» Directions:
Word for word, restate the entries that follow.
++++ Dataset excerpts
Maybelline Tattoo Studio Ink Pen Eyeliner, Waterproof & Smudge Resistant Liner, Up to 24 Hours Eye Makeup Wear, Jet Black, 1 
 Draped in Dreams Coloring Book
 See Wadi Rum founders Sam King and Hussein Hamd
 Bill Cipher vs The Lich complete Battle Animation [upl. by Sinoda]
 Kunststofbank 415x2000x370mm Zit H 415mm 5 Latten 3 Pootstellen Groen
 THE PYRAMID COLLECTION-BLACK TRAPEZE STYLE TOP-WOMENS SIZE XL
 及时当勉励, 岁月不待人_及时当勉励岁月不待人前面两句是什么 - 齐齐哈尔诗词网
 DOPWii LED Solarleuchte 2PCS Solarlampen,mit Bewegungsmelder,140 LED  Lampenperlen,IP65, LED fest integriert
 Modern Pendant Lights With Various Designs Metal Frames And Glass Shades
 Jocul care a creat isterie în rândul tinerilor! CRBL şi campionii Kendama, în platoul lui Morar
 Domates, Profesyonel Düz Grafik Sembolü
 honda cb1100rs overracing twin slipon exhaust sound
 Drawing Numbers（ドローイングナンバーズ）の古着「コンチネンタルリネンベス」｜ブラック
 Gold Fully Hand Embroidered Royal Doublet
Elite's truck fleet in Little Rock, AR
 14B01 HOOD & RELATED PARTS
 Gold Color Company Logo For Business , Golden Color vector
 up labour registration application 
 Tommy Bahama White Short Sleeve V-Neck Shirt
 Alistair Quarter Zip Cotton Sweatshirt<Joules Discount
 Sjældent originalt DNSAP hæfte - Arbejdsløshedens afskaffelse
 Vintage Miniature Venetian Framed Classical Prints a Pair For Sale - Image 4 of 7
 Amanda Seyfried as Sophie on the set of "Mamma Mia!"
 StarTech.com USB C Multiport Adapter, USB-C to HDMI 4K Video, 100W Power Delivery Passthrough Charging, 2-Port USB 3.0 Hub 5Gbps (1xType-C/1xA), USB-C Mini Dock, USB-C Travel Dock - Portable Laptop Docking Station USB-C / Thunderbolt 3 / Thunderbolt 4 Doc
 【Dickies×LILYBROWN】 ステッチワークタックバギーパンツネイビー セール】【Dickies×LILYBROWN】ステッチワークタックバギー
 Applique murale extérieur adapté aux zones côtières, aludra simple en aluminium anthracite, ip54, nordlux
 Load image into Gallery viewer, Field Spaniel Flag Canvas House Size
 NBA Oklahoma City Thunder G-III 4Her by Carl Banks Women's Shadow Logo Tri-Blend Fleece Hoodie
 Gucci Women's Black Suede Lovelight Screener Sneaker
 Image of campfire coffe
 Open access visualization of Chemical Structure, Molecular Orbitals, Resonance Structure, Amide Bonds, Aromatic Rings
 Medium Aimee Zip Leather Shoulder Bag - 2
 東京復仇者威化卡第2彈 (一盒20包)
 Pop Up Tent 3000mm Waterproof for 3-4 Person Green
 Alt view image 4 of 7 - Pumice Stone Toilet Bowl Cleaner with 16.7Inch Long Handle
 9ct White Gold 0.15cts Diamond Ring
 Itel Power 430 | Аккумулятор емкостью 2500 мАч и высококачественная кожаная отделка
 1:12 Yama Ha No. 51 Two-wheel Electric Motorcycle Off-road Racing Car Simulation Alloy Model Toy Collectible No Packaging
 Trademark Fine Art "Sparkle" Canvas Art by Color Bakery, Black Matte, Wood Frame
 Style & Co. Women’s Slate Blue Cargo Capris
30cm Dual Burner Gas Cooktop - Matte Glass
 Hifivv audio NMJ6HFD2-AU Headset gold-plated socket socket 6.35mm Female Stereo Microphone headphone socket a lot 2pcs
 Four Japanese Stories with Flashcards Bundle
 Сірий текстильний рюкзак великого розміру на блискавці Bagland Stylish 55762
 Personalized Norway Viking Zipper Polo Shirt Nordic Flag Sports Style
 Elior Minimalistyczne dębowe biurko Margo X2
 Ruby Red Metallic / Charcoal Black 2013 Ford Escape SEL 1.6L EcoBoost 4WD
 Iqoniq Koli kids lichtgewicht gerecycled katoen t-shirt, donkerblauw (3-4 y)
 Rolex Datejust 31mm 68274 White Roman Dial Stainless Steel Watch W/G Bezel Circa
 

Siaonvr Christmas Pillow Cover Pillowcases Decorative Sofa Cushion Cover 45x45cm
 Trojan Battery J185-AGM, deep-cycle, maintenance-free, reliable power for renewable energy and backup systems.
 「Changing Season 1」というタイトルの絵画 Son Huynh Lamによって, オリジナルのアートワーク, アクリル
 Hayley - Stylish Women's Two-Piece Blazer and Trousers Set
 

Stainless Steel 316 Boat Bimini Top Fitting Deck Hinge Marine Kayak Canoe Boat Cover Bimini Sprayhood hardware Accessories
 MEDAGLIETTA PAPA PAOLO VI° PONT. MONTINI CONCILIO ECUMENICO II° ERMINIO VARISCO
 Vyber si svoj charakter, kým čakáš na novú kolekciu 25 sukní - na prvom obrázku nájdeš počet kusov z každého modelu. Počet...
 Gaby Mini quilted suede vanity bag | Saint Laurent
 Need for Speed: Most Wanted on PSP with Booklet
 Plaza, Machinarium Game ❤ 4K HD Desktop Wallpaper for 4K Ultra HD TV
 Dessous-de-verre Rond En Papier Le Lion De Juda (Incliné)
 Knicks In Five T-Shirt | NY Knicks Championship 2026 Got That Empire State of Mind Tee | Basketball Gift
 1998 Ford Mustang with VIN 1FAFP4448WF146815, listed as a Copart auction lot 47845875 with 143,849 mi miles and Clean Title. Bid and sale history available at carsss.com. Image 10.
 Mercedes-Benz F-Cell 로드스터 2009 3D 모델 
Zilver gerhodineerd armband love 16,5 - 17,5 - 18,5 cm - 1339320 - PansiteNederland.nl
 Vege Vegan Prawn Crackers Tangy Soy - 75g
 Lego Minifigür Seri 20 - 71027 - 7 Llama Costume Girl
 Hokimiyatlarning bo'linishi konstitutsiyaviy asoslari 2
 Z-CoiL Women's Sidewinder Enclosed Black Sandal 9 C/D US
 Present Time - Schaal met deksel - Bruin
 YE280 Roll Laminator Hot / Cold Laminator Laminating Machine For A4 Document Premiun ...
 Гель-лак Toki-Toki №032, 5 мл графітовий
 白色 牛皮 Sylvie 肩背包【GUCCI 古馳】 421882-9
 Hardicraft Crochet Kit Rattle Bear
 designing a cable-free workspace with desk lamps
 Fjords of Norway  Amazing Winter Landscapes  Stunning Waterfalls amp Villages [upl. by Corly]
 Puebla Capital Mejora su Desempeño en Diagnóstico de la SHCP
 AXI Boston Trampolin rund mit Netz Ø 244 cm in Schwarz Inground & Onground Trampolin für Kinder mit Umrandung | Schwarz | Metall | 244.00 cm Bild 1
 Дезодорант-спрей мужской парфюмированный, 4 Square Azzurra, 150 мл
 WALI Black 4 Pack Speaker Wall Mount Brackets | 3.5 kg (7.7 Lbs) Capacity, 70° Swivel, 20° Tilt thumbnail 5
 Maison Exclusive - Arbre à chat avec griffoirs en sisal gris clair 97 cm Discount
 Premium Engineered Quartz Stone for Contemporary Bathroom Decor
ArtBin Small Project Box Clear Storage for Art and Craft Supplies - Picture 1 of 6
++++++++
» Reply to the task:
Maybelline Tattoo Studio Ink Pen Eyeliner, Waterproof & Smudge Resistant Liner, Up to 24 Hours Eye Makeup Wear, Jet Black, 1 
 Draped in Dreams Coloring Book
 See Wadi Rum founders Sam King and Hussein Hamd
 Bill Cipher vs The Lich complete Battle Animation [upl. by Sinoda]
 Kunststofbank 415x2000x370mm Zit H 415mm 5 Latten 3 Pootstellen Groen
 THE PYRAMID COLLECTION-BLACK TRAPEZE STYLE TOP-WOMENS SIZE XL
 及时当勉励, 岁月不待人_及时当勉励岁月不待人前面两句是什么 - 齐齐哈尔诗词网
 DOPWii LED Solarleuchte 2PCS Solarlampen,mit Bewegungsmelder,140 LED  Lampenperlen,IP65, LED fest integriert
 Modern Pendant Lights With Various Designs Metal Frames And Glass Shades
 Jocul care a creat isterie în rândul tinerilor! CRBL şi campionii Kendama, în platoul lui Morar
 Domates, Profesyonel Düz Grafik Sembolü
 honda cb1100rs overracing twin slipon exhaust sound
 Drawing Numbers（ドローイングナンバーズ）の古着「コンチネンタルリネンベス」｜ブラック
 Gold Fully Hand Embroidered Royal Doublet
Elite's truck fleet in Little Rock, AR
 14B01 HOOD & RELATED PARTS
 Gold Color Company Logo For Business , Golden Color vector
 up labour registration application 
 Tommy Bahama White Short Sleeve V-Neck Shirt
 Alistair Quarter Zip Cotton Sweatshirt<Joules Discount
 Sjældent originalt DNSAP hæfte - Arbejdsløshedens afskaffelse
 Vintage Miniature Venetian Framed Classical Prints a Pair For Sale - Image 4 of 7
 Amanda Seyfried as Sophie on the set of "Mamma Mia!"
 StarTech.com USB C Multiport Adapter, USB-C to HDMI 4K Video, 100W Power Delivery Passthrough Charging, 2-Port USB 3.0 Hub 5Gbps (1xType-C/1xA), USB-C Mini Dock, USB-C Travel Dock - Portable Laptop Docking Station USB-C / Thunderbolt 3 / Thunderbolt 4 Doc
 【Dickies×LILYBROWN】 ステッチワークタックバギーパンツネイビー セール】【Dickies×LILYBROWN】ステッチワークタックバギー
 Applique murale extérieur adapté aux zones côtières, aludra simple en aluminium anthracite, ip54, nordlux
 Load image into Gallery viewer, Field Spaniel Flag Canvas House Size
 NBA Oklahoma City Thunder G-III 4Her by Carl Banks Women's Shadow Logo Tri-Blend Fleece Hoodie
 Gucci Women's Black Suede Lovelight Screener Sneaker
 Image of campfire coffe
 Open access visualization of Chemical Structure, Molecular Orbitals, Resonance Structure, Amide Bonds, Aromatic Rings
 Medium Aimee Zip Leather Shoulder Bag - 2
 東京復仇者威化卡第2彈 (一盒20包)
 Pop Up Tent 3000mm Waterproof for 3-4 Person Green
 Alt view image 4 of 7 - Pumice Stone Toilet Bowl Cleaner with 16.7Inch Long Handle
 9ct White Gold 0.15cts Diamond Ring
 Itel Power 430 | Аккумулятор емкостью 2500 мАч и высококачественная кожаная отделка
 1:12 Yama Ha No. 51 Two-wheel Electric Motorcycle Off-road Racing Car Simulation Alloy Model Toy Collectible No Packaging
 Trademark Fine Art "Sparkle" Canvas Art by Color Bakery, Black Matte, Wood Frame
 Style & Co. Women’s Slate Blue Cargo Capris
30cm Dual Burner Gas Cooktop - Matte Glass
 Hifivv audio NMJ6HFD2-AU Headset gold-plated socket socket 6.35mm Female Stereo Microphone headphone socket a lot 2pcs
 Four Japanese Stories with Flashcards Bundle
 Сірий текстильний рюкзак великого розміру на блискавці Bagland Stylish 55762
 Personalized Norway Viking Zipper Polo Shirt Nordic Flag Sports Style
 Elior Minimalistyczne dębowe biurko Margo X2
 Ruby Red Metallic / Charcoal Black 2013 Ford Escape SEL 1.6L EcoBoost 4WD
 Iqoniq Koli kids lichtgewicht gerecycled katoen t-shirt, donkerblauw (3-4 y)
 Rolex Datejust 31mm 68274 White Roman Dial Stainless Steel Watch W/G Bezel Circa
 

Siaonvr Christmas Pillow Cover Pillowcases Decorative Sofa Cushion Cover 45x45cm
 Trojan Battery J185-AGM, deep-cycle, maintenance-free, reliable power for renewable energy and backup systems.
 「Changing Season 1」というタイトルの絵画 Son Huynh Lamによって, オリジナルのアートワーク, アクリル
 Hayley - Stylish Women's Two-Piece Blazer and Trousers Set
 

Stainless Steel 316 Boat Bimini Top Fitting Deck Hinge Marine Kayak Canoe Boat Cover Bimini Sprayhood hardware Accessories
 MEDAGLIETTA PAPA PAOLO VI° PONT. MONTINI CONCILIO ECUMENICO II° ERMINIO VARISCO
 Vyber si svoj charakter, kým čakáš na novú kolekciu 25 sukní - na prvom obrázku nájdeš počet kusov z každého modelu. Počet...
 Gaby Mini quilted suede vanity bag | Saint Laurent
 Need for Speed: Most Wanted on PSP with Booklet
 Plaza, Machinarium Game ❤ 4K HD Desktop Wallpaper for 4K Ultra HD TV
 Dessous-de-verre Rond En Papier Le Lion De Juda (Incliné)
 Knicks In Five T-Shirt | NY Knicks Championship 2026 Got That Empire State of Mind Tee | Basketball Gift
 1998 Ford Mustang with VIN 1FAFP4448WF146815, listed as a Copart auction lot 47845875 with 143,849 mi miles and Clean Title. Bid and sale history available at carsss.com. Image 10.
 Mercedes-Benz F-Cell 로드스터 2009 3D 모델 
Zilver gerhodineerd armband love 16,5 - 17,5 - 18,5 cm - 1339320 - PansiteNederland.nl
 Vege Vegan Prawn Crackers Tangy Soy - 75g
 Lego Minifigür Seri 20 - 71027 - 7 Llama Costume Girl
 Hokimiyatlarning bo'linishi konstitutsiyaviy asoslari 2
 Z-CoiL Women's Sidewinder Enclosed Black Sandal 9 C/D US
 Present Time - Schaal met deksel - Bruin
 YE280 Roll Laminator Hot / Cold Laminator Laminating Machine For A4 Document Premiun ...
 Гель-лак Toki-Toki №032, 5 мл графітовий
 白色 牛皮 Sylvie 肩背包【GUCCI 古馳】 421882-9
 Hardicraft Crochet Kit Rattle Bear
 designing a cable-free workspace with desk lamps
 Fjords of Norway  Amazing Winter Landscapes  Stunning Waterfalls amp Villages [upl. by Corly]
 Puebla Capital Mejora su Desempeño en Diagnóstico de la SHCP
 AXI Boston Trampolin rund mit Netz Ø 244 cm in Schwarz Inground & Onground Trampolin für Kinder mit Umrandung | Schwarz | Metall | 244.00 cm Bild 1
 Дезодорант-спрей мужской парфюмированный, 4 Square Azzurra, 150 мл
 WALI Black 4 Pack Speaker Wall Mount Brackets | 3.5 kg (7.7 Lbs) Capacity, 70° Swivel, 20° Tilt thumbnail 5
 Maison Exclusive - Arbre à chat avec griffoirs en sisal gris clair 97 cm Discount
 Premium Engineered Quartz Stone for Contemporary Bathroom Decor
ArtBin Small Project Box Clear Storage for Art and Craft Supplies - Picture 1 of 6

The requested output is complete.